İhbarı yapan Komutan kim?

İhbarı yapan Komutan kim?

Habername’nin sorularını cevaplandıran emekli hukukçu Albay Türemen, inanılmaz analizlerde bulundu.

Habername’nin sorularını cevaplandıran emekli hukukçu Albay Durmuş Türemen, inanılmaz analizlerde bulundu.

İşte O söyleşi:

1. SÖZ KONUSU İHBAR MEKTUBU HAKKINDA NE DÜŞÜNÜYOR SUNUZ?

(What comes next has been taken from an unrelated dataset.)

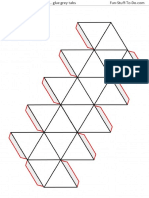 Icosahedron Shapes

Tipik bir Kurma akıllı çalışması. Belli ki daha önceki çalışmalardaki üslubu ezber eden ve onları da içeren bir düzenleme. Akıl da KURMA olunca böylesine en ince detayına kadar yazılmış. Kendisi KURMA AKILLI olduğundan ne yazık ki kendisini herkesten de akıllı olduğunu zannettiğinden öğretilmiş çaresizlik ile yazılmış. Katılanlar da aynı tornadan çıktığından farklı tavır göstermemiş -göstermeye ne akılları ne de cesaretleri yeterli- aynen geçmiş. Öylesine aptallıkların demode olduğuna aklı da ermediğinden, yeni yöntemler için yeterli hayal gücü de olmadığından aynen yazmış. Bu tür belgelerle haşır neşir olanların sayıları da mahduttur. Maalesef böylesine aptallıklara çok kişiyi ortak etmezler. İyi ki öyle yaparlar. Yani bu günlerde aynı tür faaliyetleri bir takım Mümtaz'er lerin iddia ettikleri gibi tüm bir kurum değil onun içindeki %1-2 ler hazırlar ve bilir. En üsttekilerin de böylesine teferruata ayıracak zamanları olduğunu zannetmiyorum. İşte onların içinde beklentileri karşılanmamış veya ümidi kalmamış muhterisin biri kalkıp vatan millet adına silaha sarılıp ihbarı yazıyor. Aynı ifade tarzı ve aynı kavramları kullanıyor. Kendisi de o metnin yazılmasında görev aldığı belli. Çünkü bu konudaki yazıları yazmadan evvel iyice ezberleyerek içselleştirdiği açık.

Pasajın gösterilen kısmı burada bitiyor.